Безудержный храп доносился из соседних комнат и из коридора, где спали наши ребята. Озноб прошел у меня по спине, тревожное ощущение того, что сейчас снова придется действовать, что-то предпринимать, не радовало. Пришлось разбудить ординарца и помощника командира взвода Володю Иванова. Они шли за мной не просыпаясь. Через часового вызвал к себе фельдфебеля, а мальчишек отправил в их комнату. Когда они встретились в коридоре с эсэсовцем, вежливый панически влип в стенку и, озираясь на меня, заскользил к двери, а второй умудрился подавить страх и, громко топая, с вызовом прошел мимо него.

Я не дал эсэсовцу вымолвить ни слова и скомандовал:

— Раздевайся!

Через проем в дверях все немцы до одного напряженно следили за каждым движением в коридоре.

Фельдфебель понял меня не сразу. Зато старший сержант Иванов и одессит-ординарец проснулись мгновенно и взвели затворы автоматов. Фельдфебель перестал корчить рожи. Френч, пуловер и нательная рубаха словно слетели с него сами. Обнаженный до пояса боров стоял навытяжку и не моргал.

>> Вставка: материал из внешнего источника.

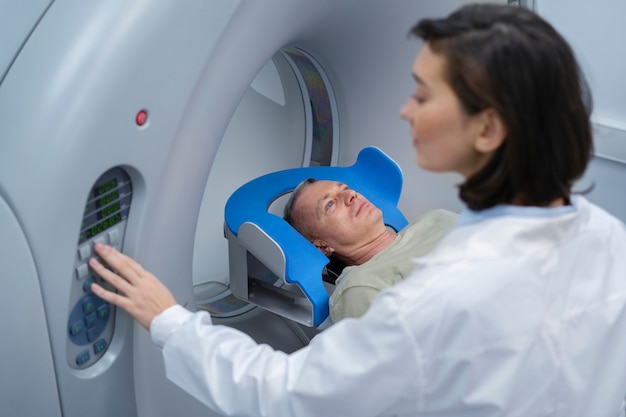 Doctor getting patient ready for ct scan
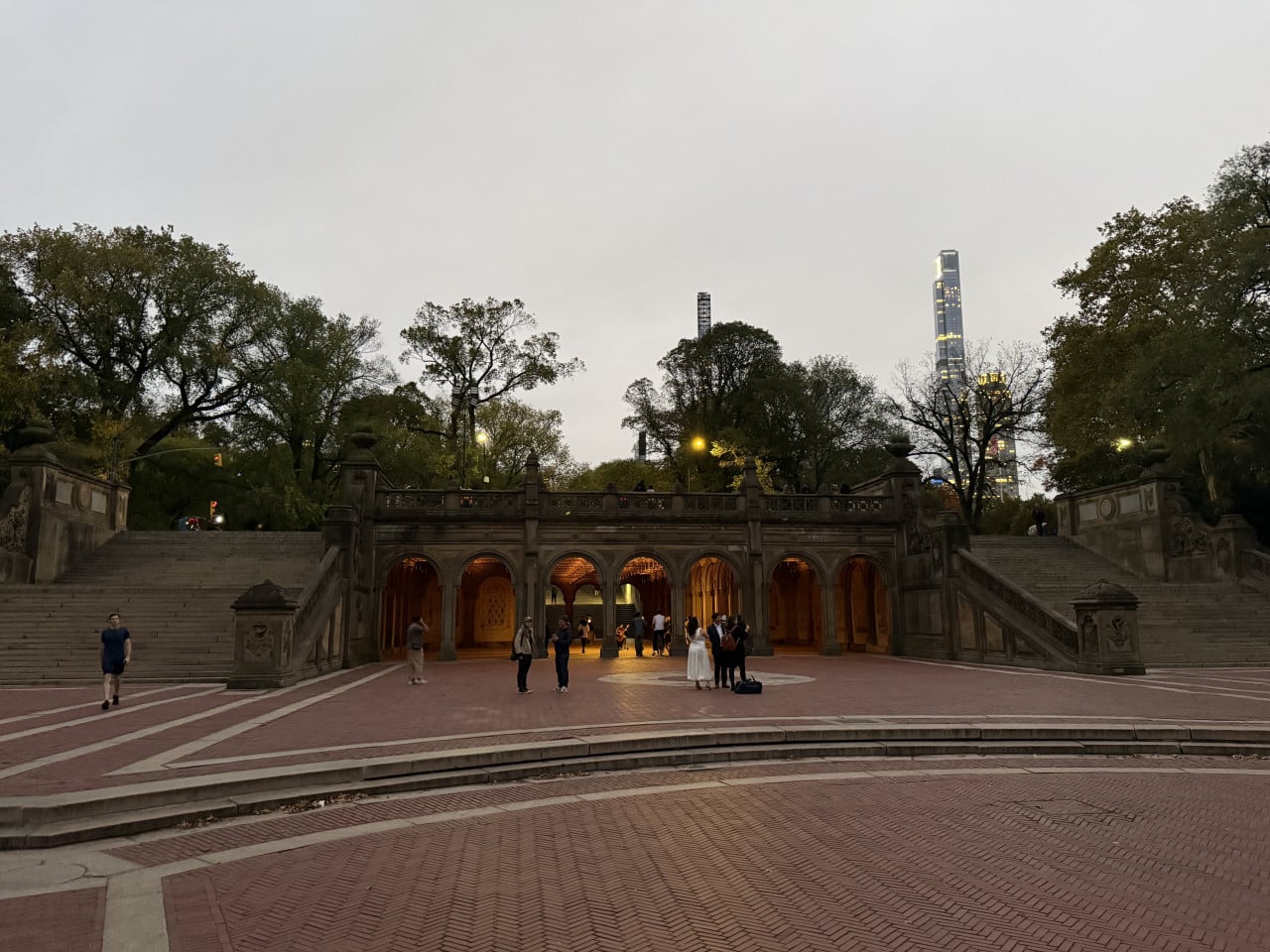 Terasa Bethesda v Central Parku za soumraku s lidmi a osvětleným podloubím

— Руки вверх! — скомандовал я.

Фельдфебель побелел и стал неуверенно поднимать руки, но поднимал правую выше, чем левую.

— Левую! — сказал я.

Он стал задирать и левую. Мышцы дрожали, кожа стала гусиная. Слева под мышкой, даже сквозь волосатость, виднелась маленькая наколка — татуировка: две крохотные буквы-змейки, латинские «СС». Так они до конца сорок третьего года отмечали свою верность фашистской штурмштаффель, этому хорошо организованному подразделению закоренелых негодяев. Губы фельдфебеля шевелились, но звуков он не издавал.

— Отведите его подальше за дом, а то ребят разбудите, — сказал я.

— Их сейчас ничем не разбудишь, — заметил ординарец.

В ярко освещенной комнате находилось сорок восемь пленных мужчин, две женщины и два мальчишки. Я заглянул и увидел, что там нет ни малейшего смятения, тревоги, даже недоумения. Все, как на биваке, укладывались поудобнее, кое-кто уже закрывал глаза… Только медицинские сестры все еще испуганно таращили глаза. Мальчик, что был посмелее, помахал мне рукой, как старому знакомому, шмыгнул носом, прилег и стал прикрываться френчем. Я поймал себя на мысли, что эти двое пацанов мне уже не безразличны.

За окном на небе еле-еле забрезжил рассвет.

Во дворе раздались приглушенная короткая автоматная очередь и одиночный выстрел…

На сон оставалось не более сорока пяти минут. Но тоже не мало. Нужно было еще написать охранную записку пленным, указать точный маршрут их движения (сопровождающих я дать им не мог) и вместо печати приложить такое слово, чтобы ему поверили. Нужно было хоть сколько-нибудь поспать, хоть сколько-нибудь. Потом объявить подъем, привести колонну в боевую готовность, две минуты на напутствие пленным немецким капитанам, две минуты на приказ командирам машин, три минуты на вытягивание колонны вдоль шоссе, и дальше: «В походную колонну!.. Дистанция!.. Скорость — кто сколько выжмет!.. За рулем и рычагами чур не засыпать — командирам машин сидеть рядом с водителями, самим не смыкать глаз и водителям не давать. И… вперед до самой ПРАГИ!» Только бы солярки хватило, бензина и сил.